As waves of Islamophobia surged across the continent, Emirati funding networks, whether directly or through research and media fronts, pushed anti-Islam narratives to center stage and helped create a sharply polarized political and social climate toward Muslims.

In recent years, a series of leaks and investigative reports has exposed an active Emirati role in financing think tanks, media platforms, and intellectual circles that promote a hostile approach to political Islam. This role was neither hidden nor incidental; it was growing and deliberate, shaping an environment of suspicion and constant accusation toward anything related to Muslims in Europe’s public sphere.

With these developments piling up, the question has grown more urgent: how did a Gulf state become a key player in shaping the European far right’s discourse, and what impact has this strategy had on millions of Muslims across the continent?

The IFOP Poll

Amid this charged atmosphere, a new scandal erupted around the IFOP poll on Muslims in France, published on November 18, 2025. It opened yet another window onto the scale of foreign interference in shaping French public sentiment.
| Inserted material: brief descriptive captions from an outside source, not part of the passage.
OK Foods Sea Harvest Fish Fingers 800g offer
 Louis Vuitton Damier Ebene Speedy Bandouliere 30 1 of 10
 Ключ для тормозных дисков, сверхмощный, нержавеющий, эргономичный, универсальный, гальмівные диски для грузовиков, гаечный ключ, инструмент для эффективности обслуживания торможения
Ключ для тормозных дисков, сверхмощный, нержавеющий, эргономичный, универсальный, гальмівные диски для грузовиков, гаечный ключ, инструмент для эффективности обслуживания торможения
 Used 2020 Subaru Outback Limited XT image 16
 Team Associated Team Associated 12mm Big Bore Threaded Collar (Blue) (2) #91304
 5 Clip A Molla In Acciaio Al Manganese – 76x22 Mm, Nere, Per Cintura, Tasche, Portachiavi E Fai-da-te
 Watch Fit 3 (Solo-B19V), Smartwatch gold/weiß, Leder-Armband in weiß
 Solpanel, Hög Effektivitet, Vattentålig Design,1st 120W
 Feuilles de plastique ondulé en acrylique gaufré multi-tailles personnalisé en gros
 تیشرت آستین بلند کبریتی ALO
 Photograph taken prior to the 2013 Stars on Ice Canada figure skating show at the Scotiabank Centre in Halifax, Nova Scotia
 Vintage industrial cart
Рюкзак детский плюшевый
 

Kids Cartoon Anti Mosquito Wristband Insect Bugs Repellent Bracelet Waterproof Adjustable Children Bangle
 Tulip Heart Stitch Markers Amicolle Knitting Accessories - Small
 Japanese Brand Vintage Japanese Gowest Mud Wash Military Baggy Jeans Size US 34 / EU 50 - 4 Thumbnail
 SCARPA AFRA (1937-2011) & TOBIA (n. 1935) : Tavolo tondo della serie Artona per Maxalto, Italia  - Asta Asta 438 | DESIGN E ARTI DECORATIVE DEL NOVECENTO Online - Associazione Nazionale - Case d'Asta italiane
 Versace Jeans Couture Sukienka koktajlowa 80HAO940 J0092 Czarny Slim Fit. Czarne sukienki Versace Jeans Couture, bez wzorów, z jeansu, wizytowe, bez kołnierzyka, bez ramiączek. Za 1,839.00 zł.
IFOP is one of the oldest and most respected polling institutions in France and Europe. Founded in 1938, it grew into a reference point relied upon by French media, political parties of all stripes, and both public and private institutions to understand public opinion and track social trends.

Because of that reputation, the recent poll on Muslims became a new, and perhaps the most alarming, episode in the series of Emirati interventions aimed at influencing French public opinion against Muslims. Although the poll was introduced as a neutral attempt to assess Muslims’ relationship with Islam and Islamism, it quickly became clear that the entity funding it was closely tied to a broad influence and disinformation campaign run by networks linked to Abu Dhabi.

Subsequent revelations showed that this funding was part of one of the largest covert operations targeting Islam, Muslims, and democratic institutions in Europe in recent years, an effort designed to reshape the public conversation on Islam in line with external political and ideological agendas.

From the moment IFOP published the poll results, French media, especially those on the right, seized on the findings as fresh proof of Muslim “radicalism” and “rejection” of French republican values. Front pages highlighted dramatic figures, including the claim that 46 percent of Muslims want Sharia law applied, along with suggestions that the Muslim population in France has risen from 0.5 percent in 1985 to 7 percent in 2025.

The poll relied on a very small sample of only 1,005 respondents, including just 149 veiled women, and yet it claimed that half of young Muslim women wear the hijab. This made the results statistically fragile from the start.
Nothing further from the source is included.